Umbilical cord blood. Placental blood/umbilical cord blood is a rich source of stem cells. Some institutions perform transplants using the umbilical cord blood obtained during the birth of a sibling (and frozen for future use) or from preserved unrelated donor cord blood. The advantage of cord blood transplant is that the cord does not have to be a perfect match. The number of stem cells in cord blood is usually sufficient for most children, but it may not be adequate for larger children or teens.

Our 15-month-old son, Garrett, was diagnosed with AML and central nervous system involvement. He relapsed on treatment, and the doctors recommended a cord blood transplant. There was one perfect match in Barcelona, Spain. I wanted to fly to Barcelona and hug everyone I could see. He was so sick during treatment, which included a trip to the ICU [intensive care unit] and several periods of extended hospitalization for complications, that the transplant was almost anticlimactic. He had TBI [total body irradiation], then chemotherapy. He engrafted on Day 12 and was out on Day 21. He did wonderfully—he only got one fever, no GVHD, no other problems. He has not been inpatient since, and he’s now in college.

When transplanted stem cells enter the bloodstream, make their way to the bone marrow, and start making new blood cells, it is called engraftment. This usually occurs 10 to 30 days after a stem cell transplant. Engraftment after an umbilical cord blood transplant may take longer than with SCTs from other sources, but cord blood transplants may cause less GVHD than allogeneic transplants. In addition, cord blood is rarely contaminated by viruses such as cytomegalovirus (CMV) or Epstein Barr virus (EBV) that can cause life-threatening complications after a SCT. Cord blood SCT is one of many promising new directions in the research efforts to improve SCT. For information about public, private, and family cord blood banks, visit the Parent’s Guide to Cord Blood Foundation at www.parentsguidecordblood.org.
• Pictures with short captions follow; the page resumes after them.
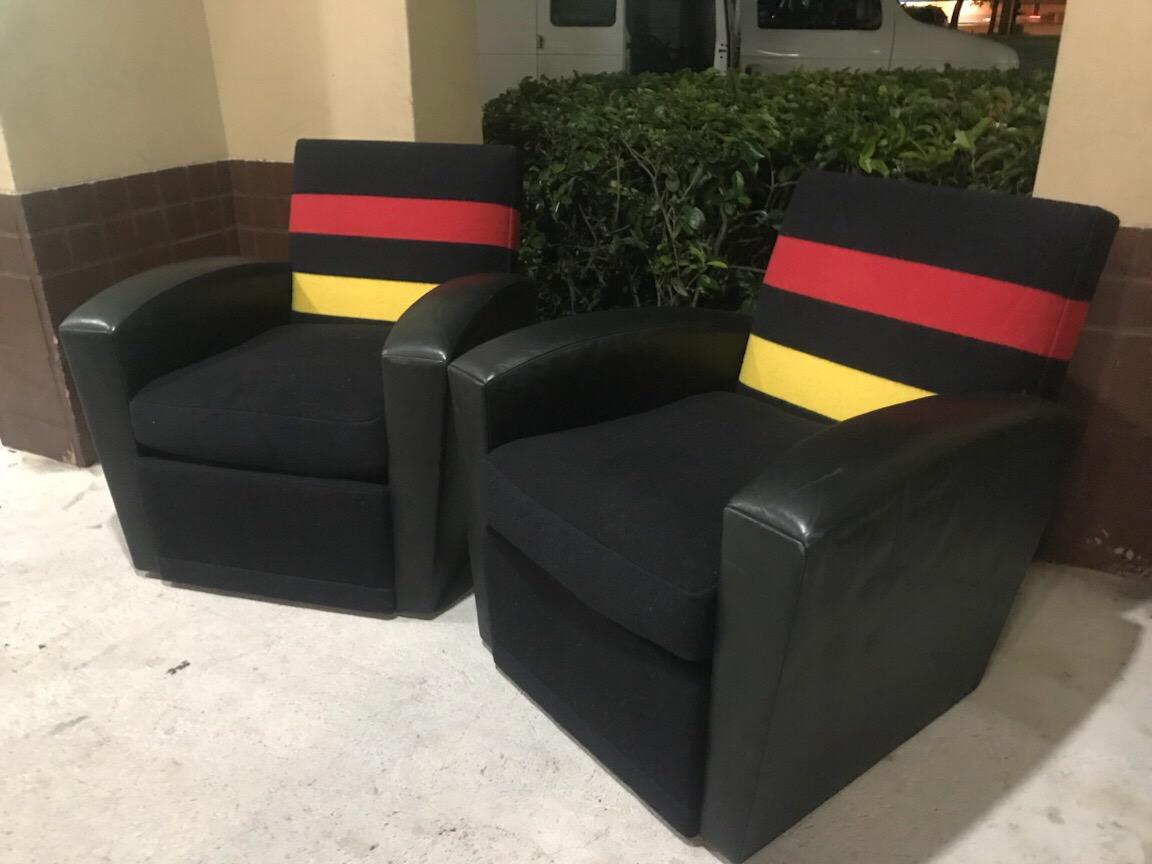 Pair of modern leather and striped wool swivel chairs, each one substantial and comfortable swivel chair
Measure: Arm height 25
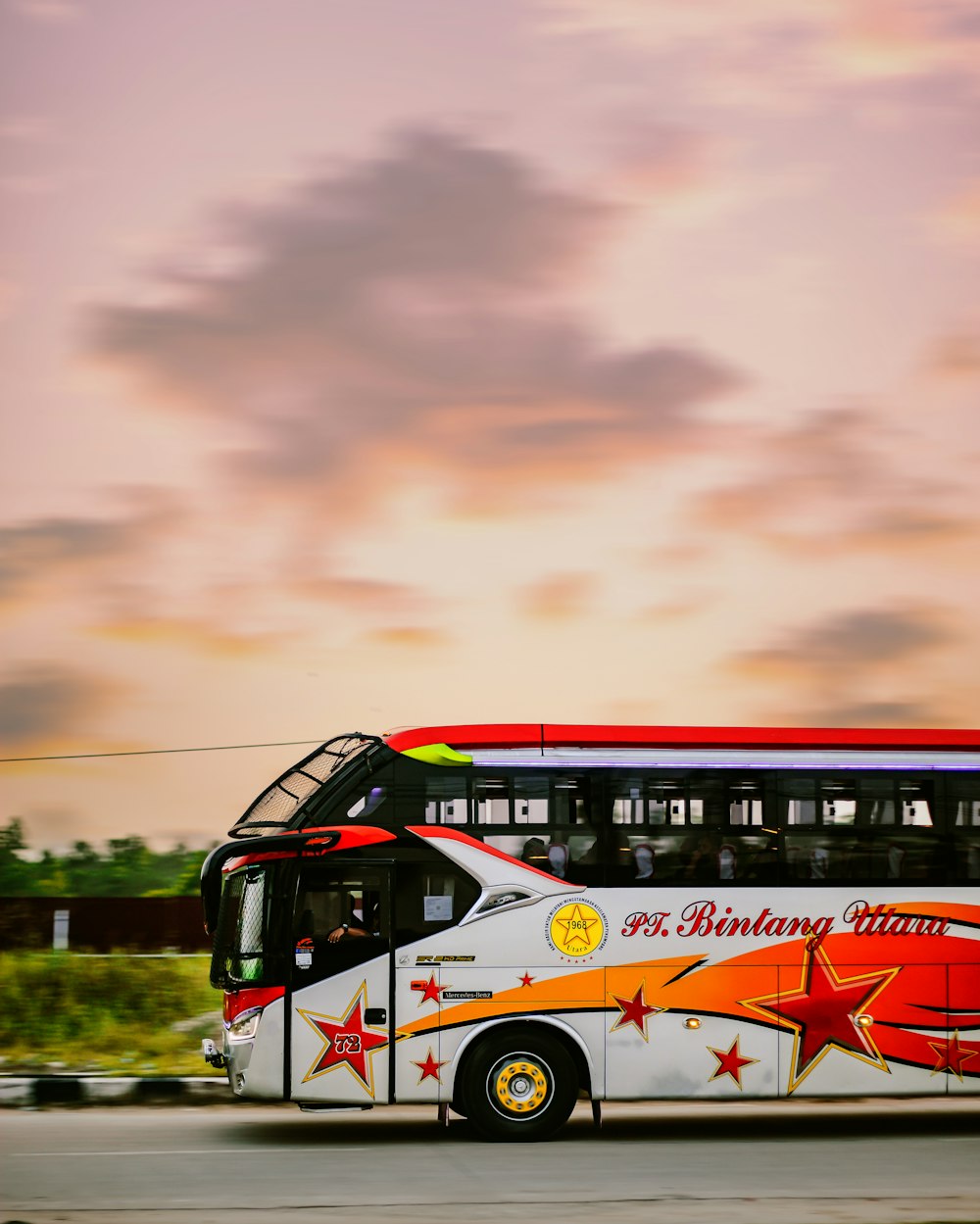 Luxury tour coach on a European route at sunset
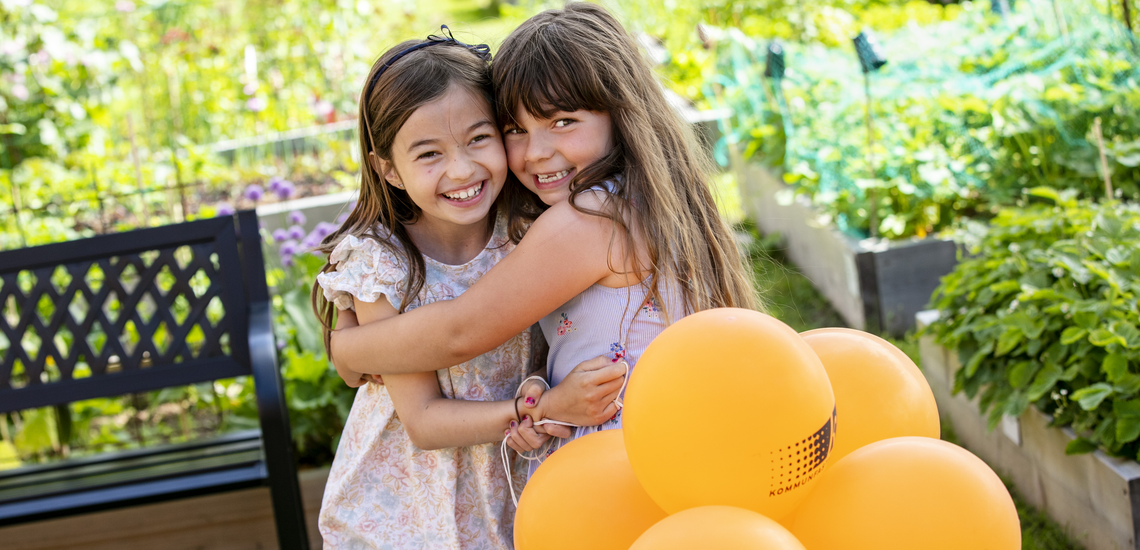 Två tjejer kramar varandra med ballonger en grön sommardag.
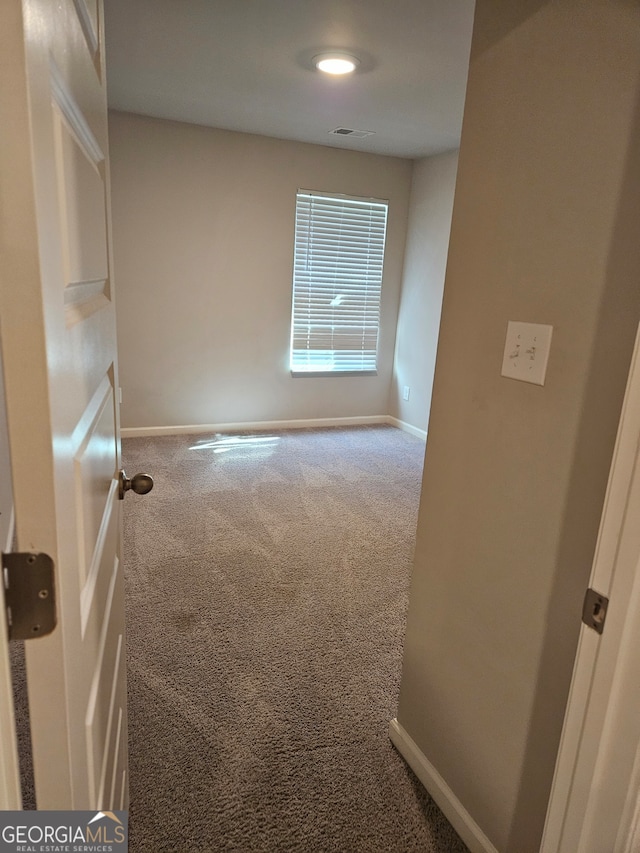 view of carpeted spare room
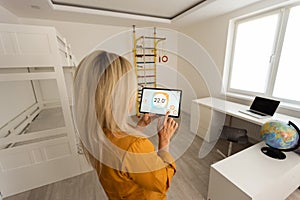 young woman holding digital tablet with black empty screen for mockup template, standing at modern kitchen. Technology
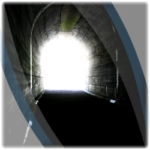 Photo of a tunnel with light at the end of it.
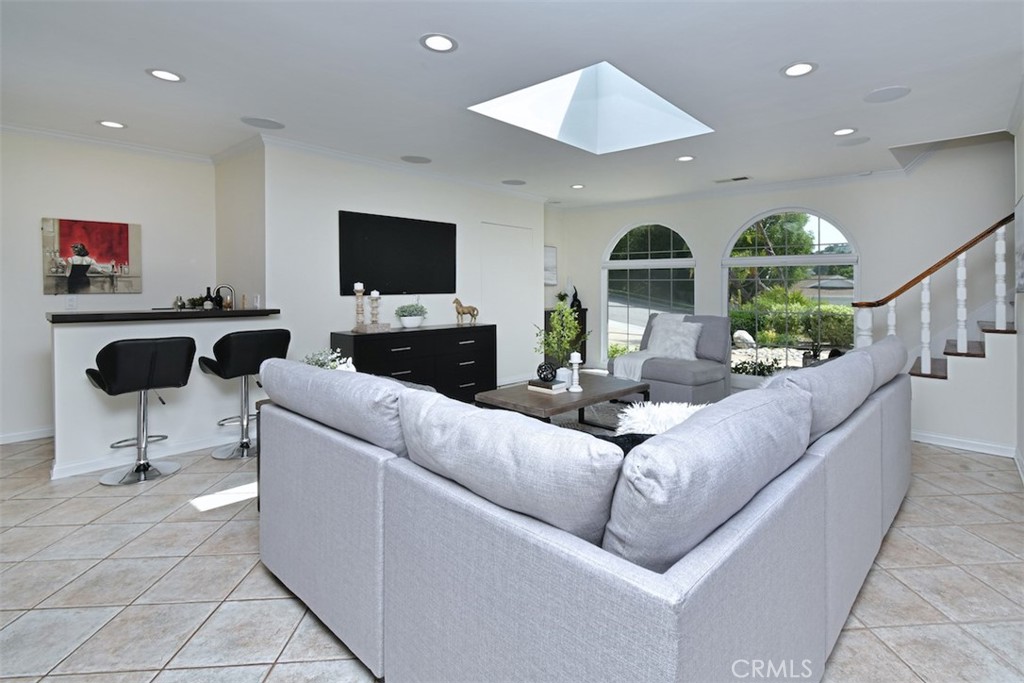 3935 Bon Homme Road Calabasas, CA 91302 - Photo 17 of 64 a living room with furniture and a flat screen tv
Christopher received his cord blood unit after three days of TBI, testicular radiation, and other conditioning with chemotherapy. He had a feeding tube inserted during his final TBI, so we didn’t have to worry about eating. He engrafted on Day 10 and had a little GVHD, which was treated with prednisone. After he was discharged from the hospital, he was readmitted a few times for fevers. Overall it went very well. Our biggest problems now are fixing his cataracts, waiting for results of his endocrine tests and bone tests, and getting educational support.

Unrelated adult volunteer. Large registries of adult volunteer donors have been created in the United States and other countries. An HLA-matched or very nearly matched donor can often be identified through a computer-based search of those registries. More HLA proteins are evaluated with this type of donor, so you may hear the transplant team talk about an “8/8” or “10/10” match.

Haploidentical transplant. Haploidentical transplants are a newer form of treatment for children who do not have a matched donor. This type of transplant uses stem cells from a parent or sibling who is only half-matched with the child needing a transplant. The procedure is similar to an allogeneic transplant except that because the donor and recipient (child) are not fully matched, something must be done to remove T cells from the stem cell “graft” to prevent GVHD. This can be done by processing the graft to remove T cells before it is given to the child, or by administering a drug called cyclophosphamide after the transplant to kill T cells in the bloodstream.